Part 2
Trading in a foreign currency market is a business with its own special features. Their ignorance turns out fatal for the capital. Those who want to invest money have two ways: one is to become a professional and trade themselves; the other is to become an investor and have a professional trade for them which, in turn, offers no guaranteed protection from losses.
Just believe me that 90% of all traders are practically unable to explain clearly why they make a certain trade or for what reasons at a certain point in time they take into account factors which are later excluded from the decision making process. In some cases carefully monitoring fundamental figures, in others they totally and completely rely on technical indicators. But most alarmingly, they can also be influenced by other people's opinion.
Lack of a set of rules you use as a basis for making trading decisions makes analysis of subsequent (inevitable) mistakes impossible as such. It means generally performance is practically negligible.
A set of rules that offer a full description of conditions for opening, maintaining and closing trades is called a trading system in turn supplemented with a money management system. Of course, each investor should be aware of trading principles and rules of their trader. One should avoid intricate formulas and vague explanations. Everything should be simple and clear even to an uninterested person.
So, we have established that successful trading is only possible if there is a systemic approach. 'Under rigid supervision of his or her trading plan', the trader can distance themselves from their emotions, while the rules they have developed can be checked to find out later how successful a certain strategy was in the past. This minimizes losses in the future. There are, however, kind of unacceptable mistakes, for example, working against the trend. Dominance of such (losing) trades in trading is a serious reason to think twice about the qualification of the selected trader.
There's no need in a list of skills a true trader should possess.

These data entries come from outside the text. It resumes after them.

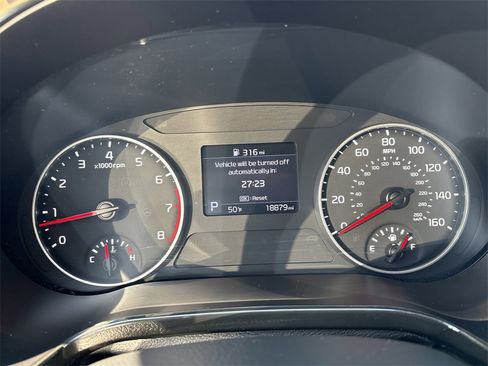 Certified 2023 Kia Seltos S image 18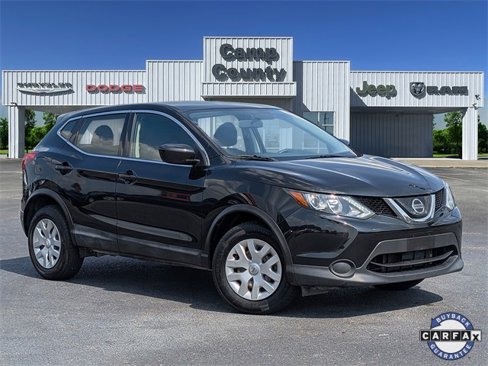 Used 2019 Nissan Rogue Sport S image 1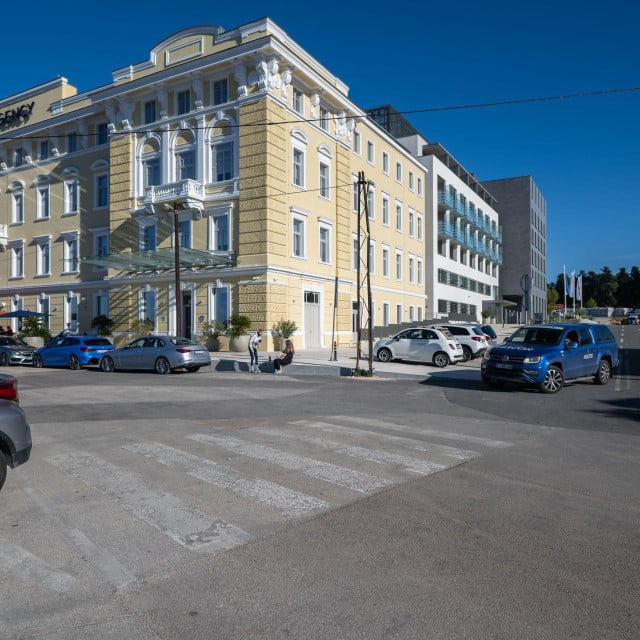 <p>Je li cesta za &lsquo;Hyatt&lsquo; građane Zadra stajala 400 tisuća eura?</p>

After all, their task is 'simple' - generate consistent revenues for their investor. The latter should, in turn, have minimum knowledge of the financial area, in particular, be able to correctly recognize the current trend and determine the force prevalent in the market. It is only this combination of skills of the trader and investor that can be the most solid foundation for meeting both parties' mutual interests.

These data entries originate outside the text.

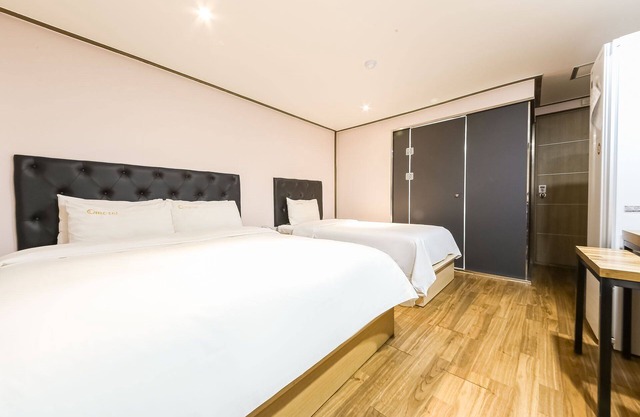 Jeonju Junghwasan-dong Q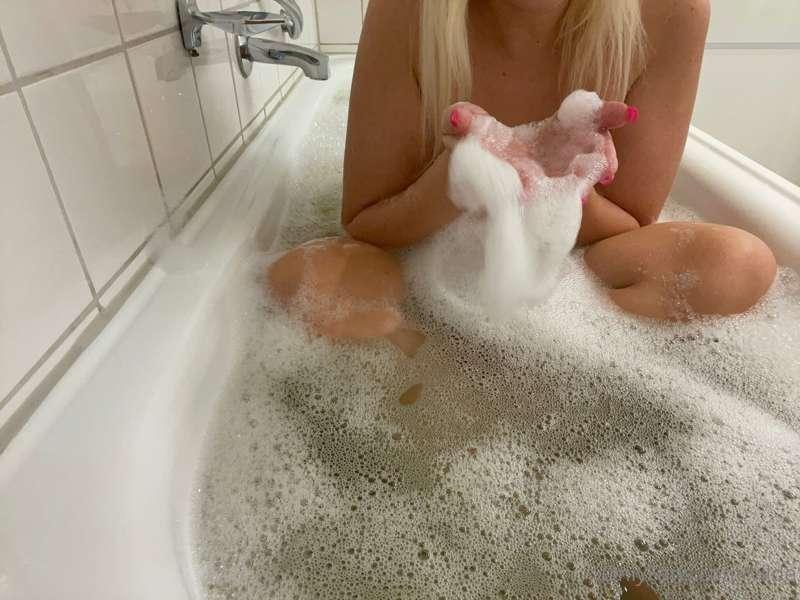 😘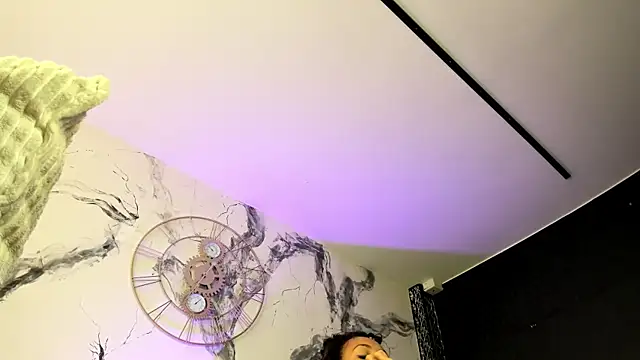 Snapshot of DalayMoore chatting on 03-15-26, 08:26 DalayMoore online show from 03-15-26, 08:26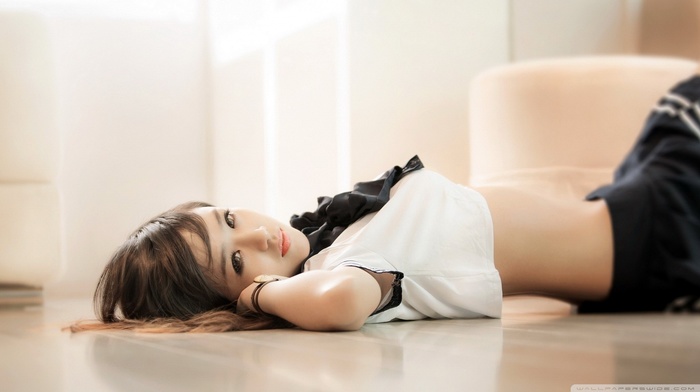 Asian, girl, lying down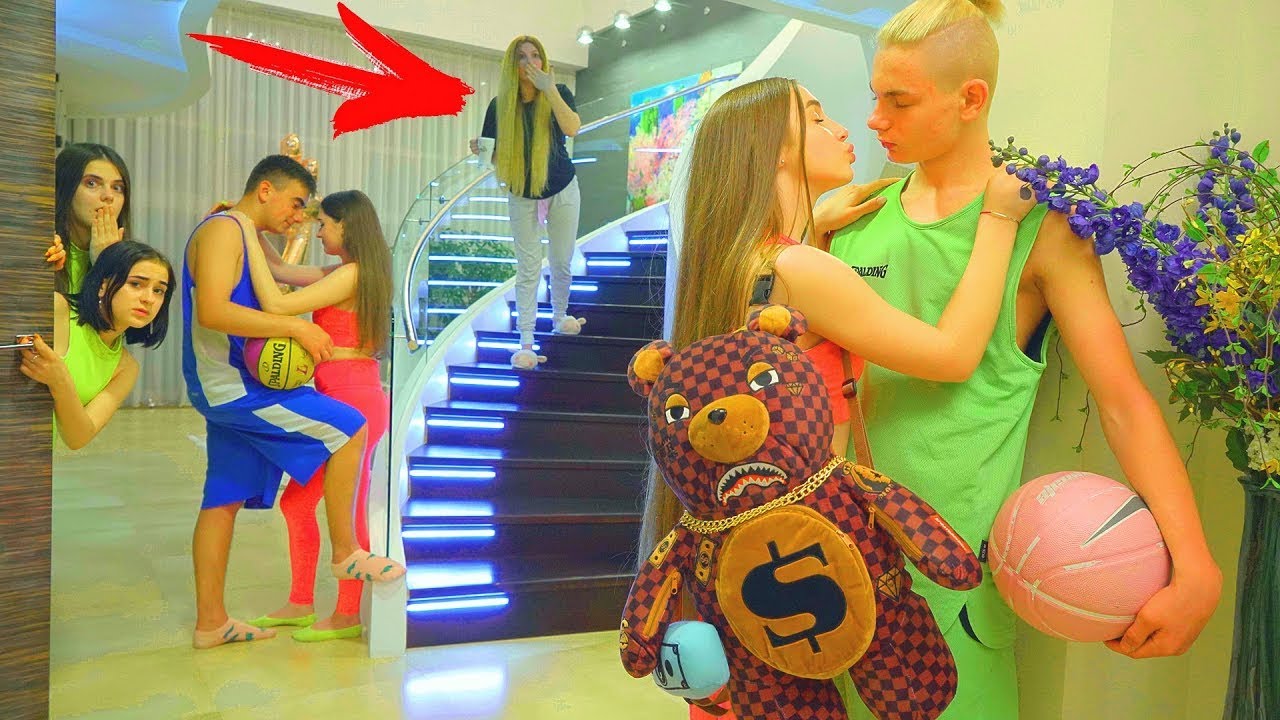 Diana a trahi ses amis ! Jeu Action ou Vérité ! | Situations amusantes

Many events in the world are known to occur in cycles. Similarly, the trader's life has periods of victories and defeats. Having analysis of the trader's performance at hand, the investor can increase lot size when the trader is 'on the same wave' as the market and decrease it otherwise. This technique is also used by most successful traders and investors.

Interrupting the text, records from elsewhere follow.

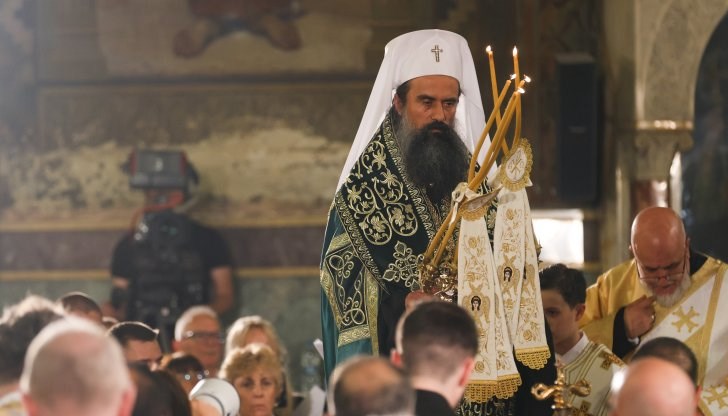 Новоизбраният български патриарх Даниил, който е и Софийски митрополит, отправи молитва и благослови българския народ
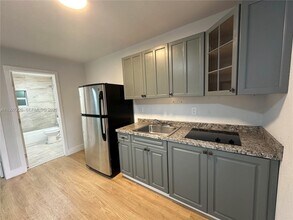 1429 SW 3rd St in Miami, FL - Building Photo - Building Photo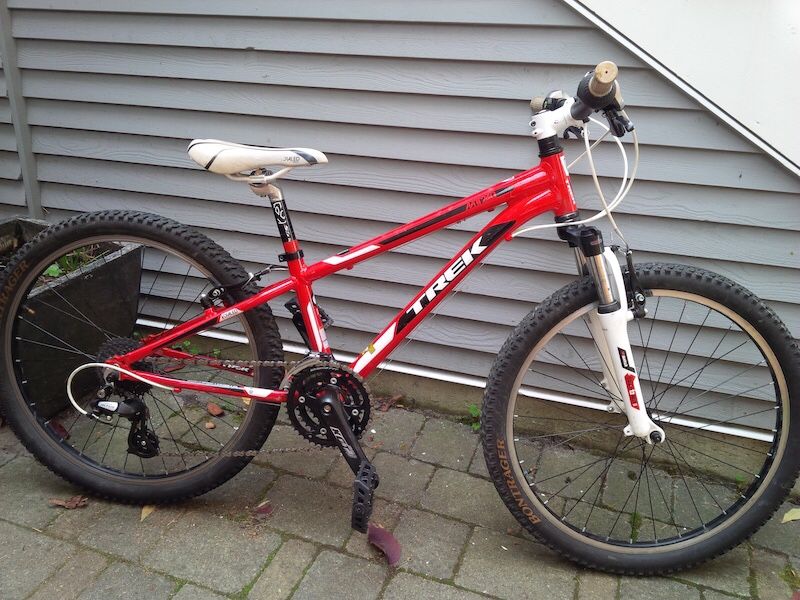 Trek MT240 Kids Mountain Bike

A systemic analysis of how a trader performs safeguards the investor from a possible drawdown of the trading account. After a look at the account history the professional investor will clearly say what risks he or she will face in the future if the trader's current strategy is used. It should be noted that any trading strategy has a chance to turn out losing in the course of time. Therefore, past performance cannot guarantee, but gives reasons to expect, repeated success in the future. ANY trading strategy involves a certain risk, and one cannot by-pass this limitation - just accept the risk as is.
Lack of adequate account management can ruin your trading account in a matter of minutes of even seconds. This is why make sure you understand your trader's concept of risk management before you sign the contract. Make a query and you are likely to enter into a separate agreement that defines and fixes the maximum risk per trade and the maximum risk per portfolio at a given point in time. This can serve as some insurance in case there is a drawdown in your account because of unsuitable risk management.
Also be especially careful with the principle of calculation of the trader's fees. There are 3 types of fees: first two are obvious - the trader charges either a base rate and/or a certain percentage of the amount of generated profits a month. The third way can turn even a good account management system into a losing one. Some traders agree to manage your assets only if you are prepared to open an account with one of the brokers that the trader prefers. This usually means your trader will act as a representative of the broker itself, getting significant profits from spreads for each trade they make. Therefore, it is obvious for the trader that the more trades they make, the more fees will be paid regardless of the outcome of the trade itself. If you opt for this kind of cooperation, we recommend carefully discussing the number and size of trades the trader makes in one calendar month. Another disadvantage such 'cooperation' involves is that you are limited in choosing a worthy broker. It might turn out that, having selected a skilled trader, you ended up with a weak broker significantly cutting down your potential profits.
After all, you are free to do anything you want with your money. You can turn each penny into thousands and thousands into a penny. It's all up to you.